I got them all apart from the one with the car in the water :?


----------



## ObiWan (Sep 25, 2005)

NaughTTy said:


> I got them all apart from the one with the car in the water :?


and the little black thing with wings across the front? :?


----------



## dhayward (Apr 13, 2006)

I Got:

Scoob Doo
Postman Pat
Ghost Busters
Batman Begins
Kill Bill
Herbie
Dukes of Hazzard
Thunderbirds
Back to the Future

Missing - The little smart car with the gold eagle and gold wheels
Missing - The black caravan with the red stripe
Missing - The car in the water which isn't Jaws, Flipper or Free Willy?

Help!


----------



## ObiWan (Sep 25, 2005)

Caravan is the A Team but thats me done, stuck for the other two?
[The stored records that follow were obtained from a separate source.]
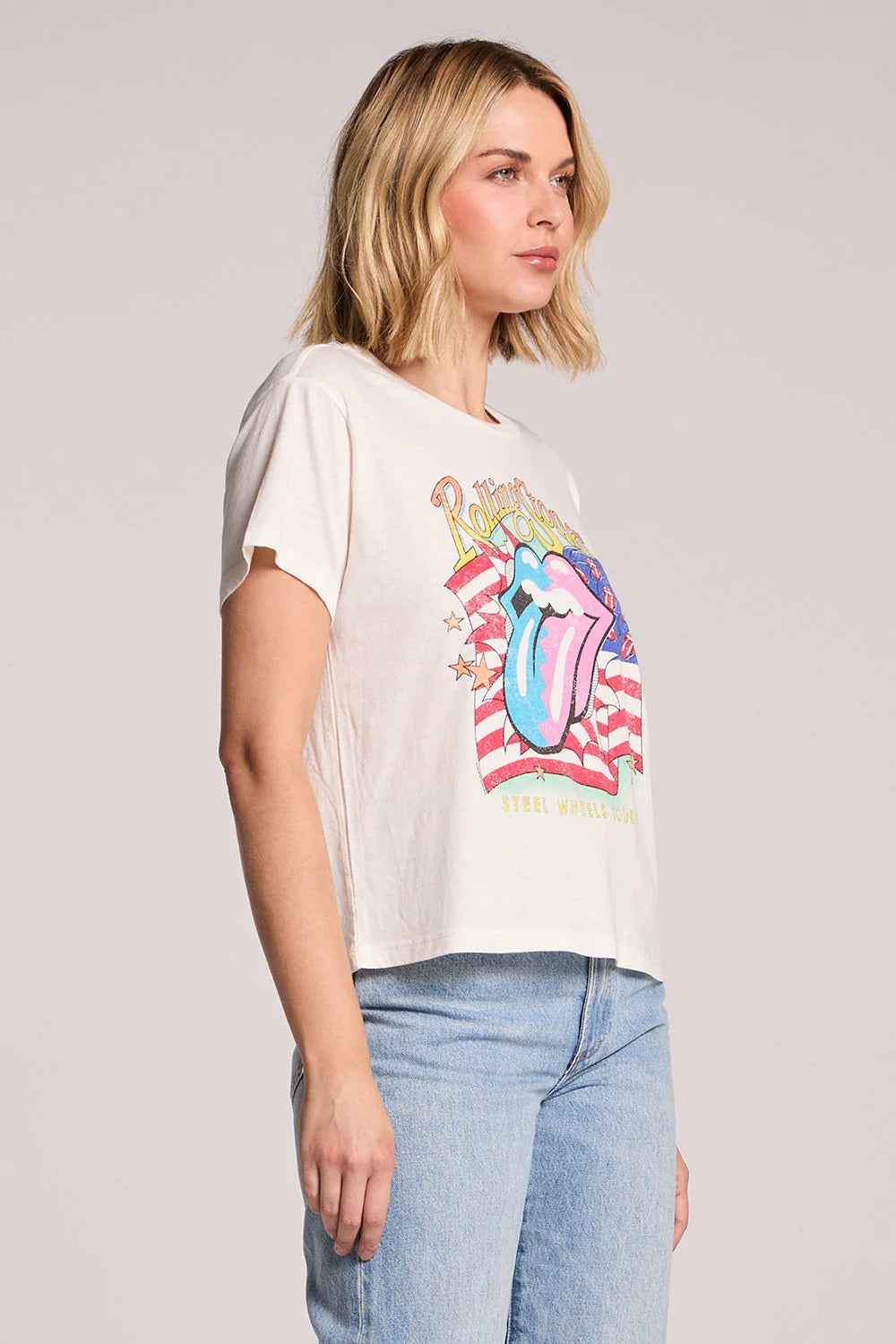 Woman wearing a t-shirt with a colorful graphic design on a plain background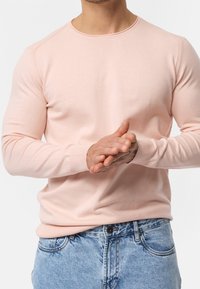 Dlouhý růžový svetr s kulatým výstřihem, žebrovanými manžetami a těsným střihem, v kombinaci s modrými denimovými džíny.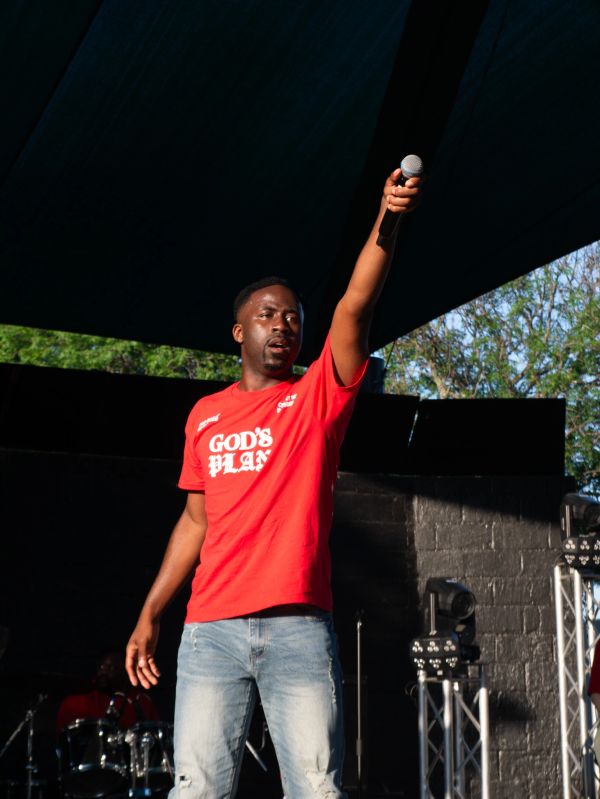 Man holding microphone on stage wearing a red "God's Plan" shirt.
Come on Kell or Paul...................... put us out of our misery :?


----------



## AxlFoley (Mar 26, 2005)

two left and im stumped!


----------



## YELLOW_TT (Feb 25, 2004)

dhayward said:


> Missing - The little smart car with the gold eagle and gold wheels


Smoky and the bandit


----------



## thejepster (Mar 29, 2005)

dhayward said:


> I Got:
> Missing - The car in the water which isn't Jaws, Flipper or Free Willy?
> 
> Help!


That's the James Bond film with the Lotus... 8) can't for the life of me remember the name though.... :roll:


----------



## StuarTT (May 7, 2002)

The Spy who loved me


----------



## ObiWan (Sep 25, 2005)

Easy when you kow all the answers :lol:


----------



## NaughTTy (Jul 9, 2003)

StuarTT said:


> The Spy who loved me


Damn - that's the one.... I thought it was a Bond film but couldn't remember which one :roll:


----------